Tracks: CD1: Introduction/Announcement; The One I Love Belongs To Somebody Else; Don't Cry; Imagination; Moonlight In Vermont; Without A Song; In The Still Of The Night; Here's That Rainy Day; The Moon Was Yellow (And the Night Was Young); Monologue; You Make Me Feel So Young; The Second Time Around; River, Stay 'Way From My Door (Parody); The Lady Is A Tramp; Just One Of Those Things; You're Nobody 'Til Somebody Loves You; Bows; Young At Heart; Witchcraft; On The Road To Mandalay; Bows; Sinatra Speaks on Segregation in Nevada. CD2: Introductions; Come Fly With Me; I've Got A Crush On You; I've Got You Under My Skin; The September Of My Years; Street Of Dreams; Fly Me To The Moon (In Other Words); Monologue; You Make Me Feel So Young; The Shadow Of Your Smile; Get Me To the Church on Time; Luck Be A Lady; It Was A Very Good Year; Don't Worry 'Bout Me; My Kind Of Town; Introductions; My Kind Of Town; Sinatra Speaks on Working with Count Basie. CD3: Get Me To The Church On Time; I Get A Kick Out Of You; I Can't Get Started; Without A Song; Hey Look, No Crying; The Lady Is A Tramp; Monologue; Night And Day; All Or Nothing At All; The One I Love Belongs To Somebody Else; These Foolish Things (Remind Me Of You); Somethin' Stupid; Theme From New York, New York; Bows. CD4: I've Got The World On A String; At Long Last Love; Witchcraft; Medley: The Gal That Got Away/It Never Entered My Mind; For Once In My Life; My Heart Stood Still; You Are The Sunshine Of My Life; Monologue; Spring Is Here; What Now My Love?; I Get Along Without You Very Well; Pennies From Heaven; Angel Eyes; Mack The Knife; Bows. DVD: Backstage (Before The Show); "Welcome To Caesars"; All Of Me; Maybe This Time; The Lady Is A Tramp; Didn't We?; Someone To Watch Over Me; Something; Baubles, Bangles And Beads; Medley: The Gal That Got Away/It Never Entered My Mind; Monologue; My Kind Of Town; Send In The Clowns; Monologue; Don't Worry 'Bout Me; Introductions; My Way; America The Beautiful; Backstage (After The Show); Bonus Material.
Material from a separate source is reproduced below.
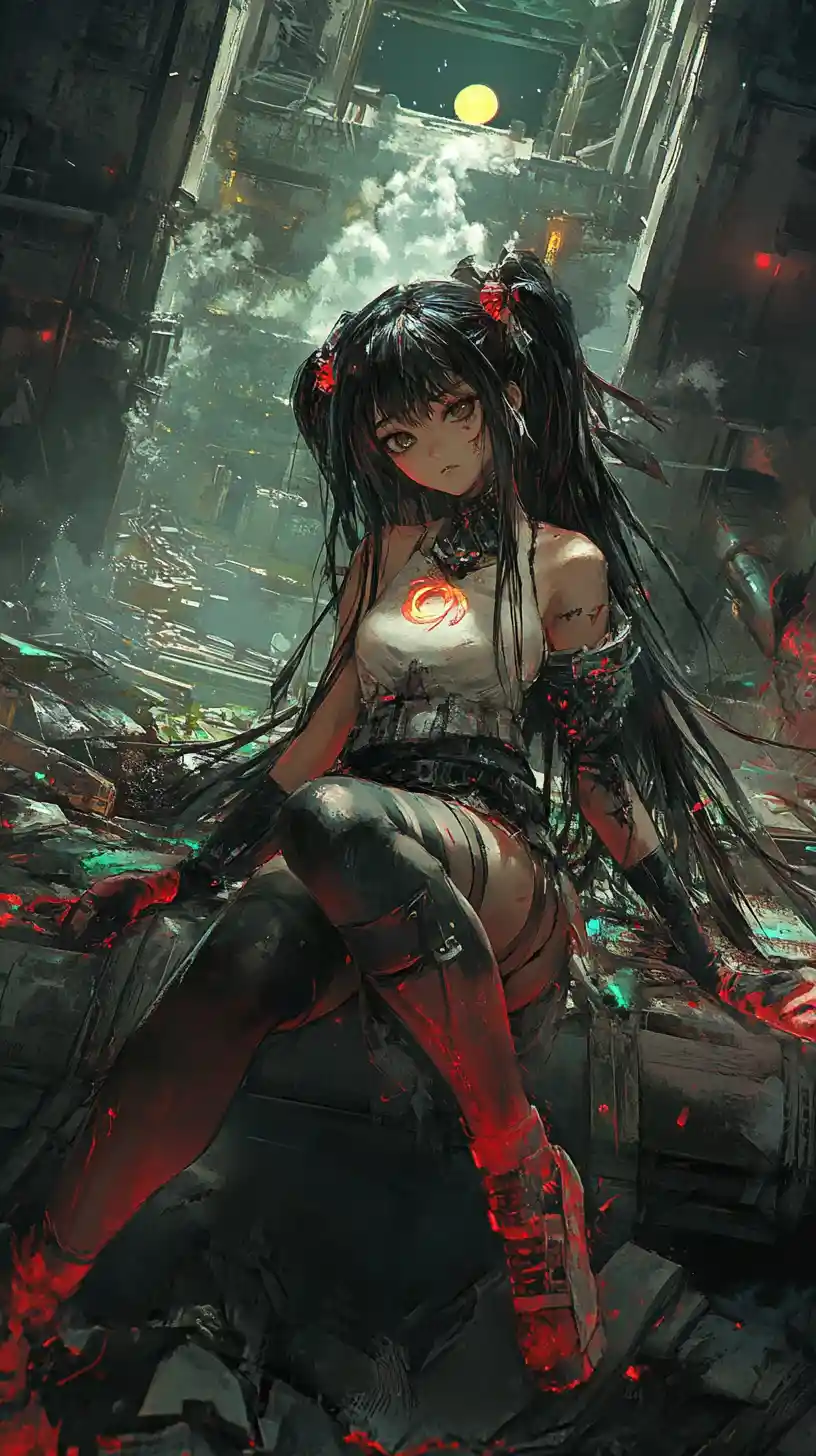 Anime girl in a ruined hall with a broken ship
Featured Personnel: Ron Anthony: guitar; Count Basie: piano; Billy Byers: arranger; Gene Cherico: bass; Don Costa: arranger; Irving Cottler: drums; Vincent Falcone, Jr.: piano; Frank Foster: arranger; Neal Hefti: arranger; Jim Hughart: bass; Gordon Jenkins: arranger; Quincy Jones: arranger, conductor; Lou Levy: piano; Johnny Mandel: arranger; Billy May: arranger; Bill Miller: piano, conductor; Tony Mottola: guitar; Sy Oliver: arranger; Nelson Riddle; arranger; Charles Turner: trumpet; Al Viola, guitar; Nancy Sinatra: vocalist.